*TASK OBJECTIVE:* The entries are to be reproduced verbatim, and their pictures left out.
-------- DATA TO PROCESS --------
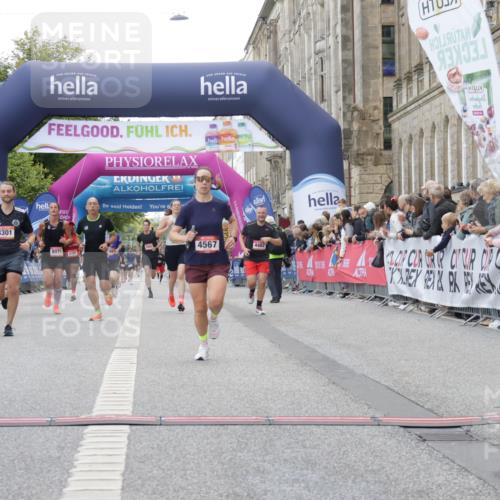 06.09.2026 - CURREX Alsterlauf Yannick Fuchs http://msf.ph/oto/10153876 06.09.2026 09:52:07 Ziel 2118, 2284, 3301, 3789, 3839, 3975, 4250, 4462, 4567, 5321, 5862, 5881, 6092, 6206, 8071, 8280 meine-sportfotos.de
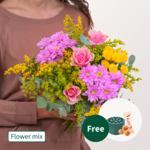 Flower Mix Blütengruß with Stem Holder & 3 Ferrero Giotto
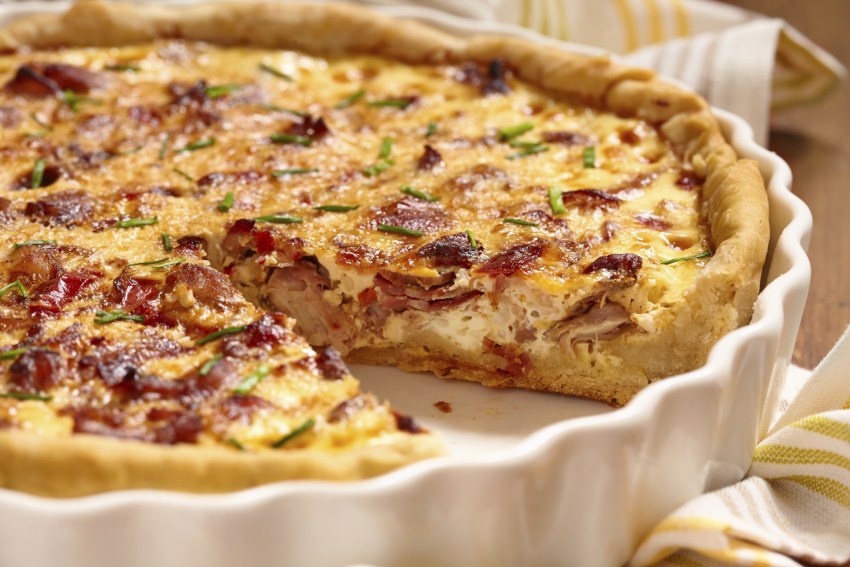 Пирог с помидорами сыром и луком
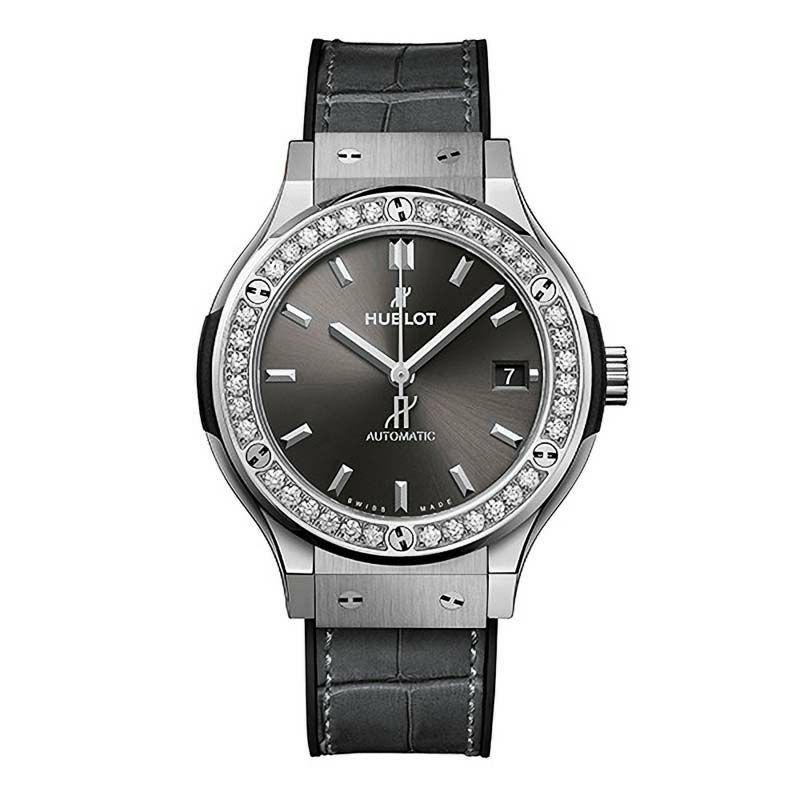 HUBLOT CLASSIC FUSION TITANIUM RACING GRAY DIAMONDS ウブロ クラシック・フュージョン チタニウム レーシンググレー ダイヤモンド 565.NX.7071.LR.1204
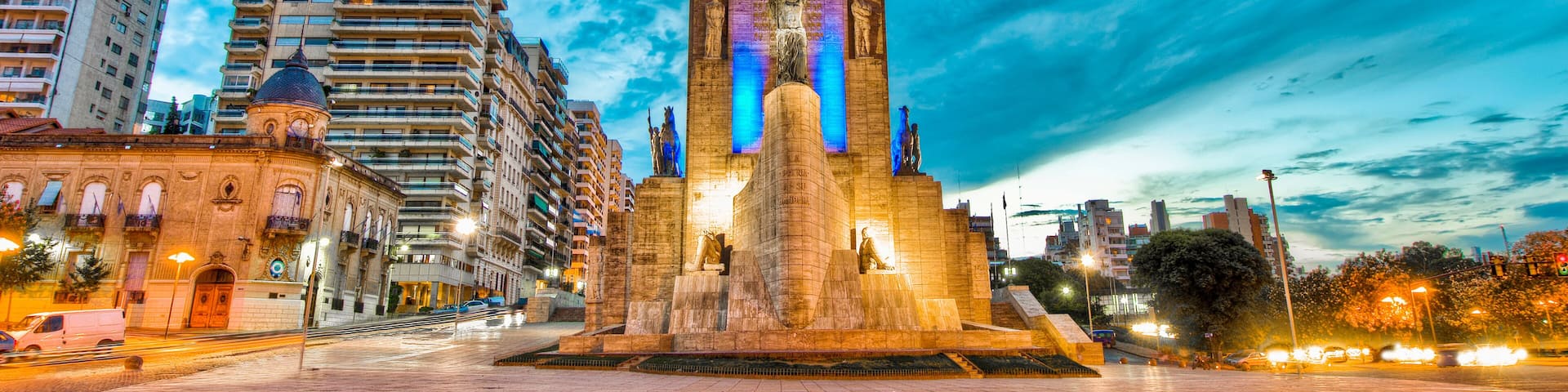 Sunset at Monumento a la Bandera located at Rosario city.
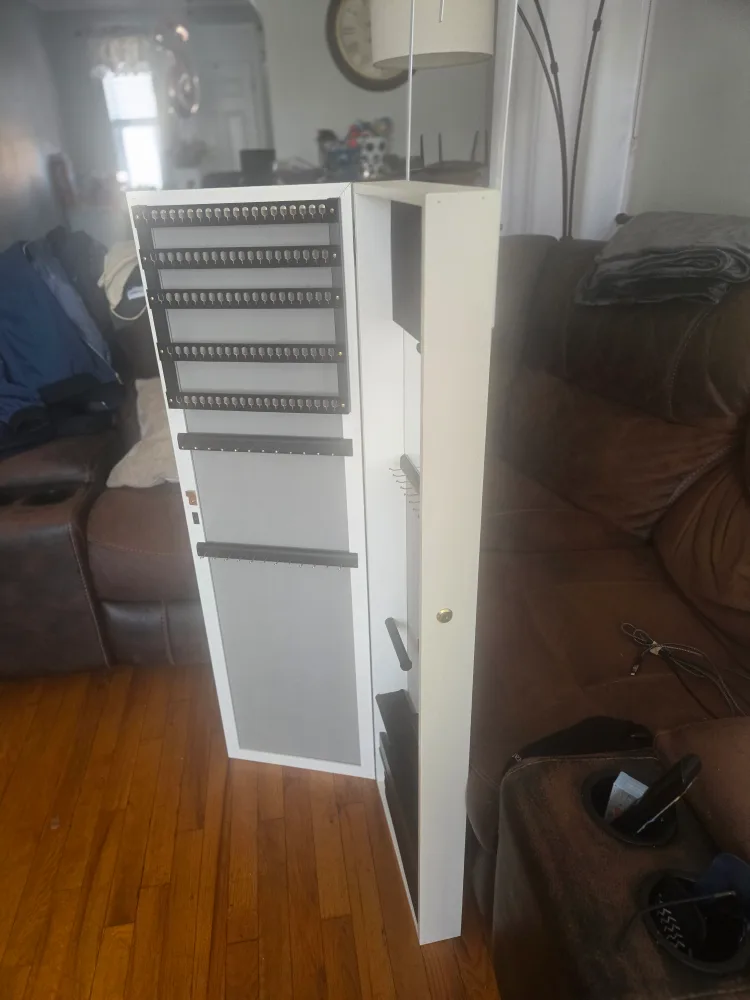 Mirrored Jewelry storage image indicator(4)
--------
*EXPECTED ANSWER:*
 06.09.2026 - CURREX Alsterlauf Yannick Fuchs http://msf.ph/oto/10153876 06.09.2026 09:52:07 Ziel 2118, 2284, 3301, 3789, 3839, 3975, 4250, 4462, 4567, 5321, 5862, 5881, 6092, 6206, 8071, 8280 meine-sportfotos.de
 Flower Mix Blütengruß with Stem Holder & 3 Ferrero Giotto
 Пирог с помидорами сыром и луком
 HUBLOT CLASSIC FUSION TITANIUM RACING GRAY DIAMONDS ウブロ クラシック・フュージョン チタニウム レーシンググレー ダイヤモンド 565.NX.7071.LR.1204
 Sunset at Monumento a la Bandera located at Rosario city.
 Mirrored Jewelry storage image indicator(4)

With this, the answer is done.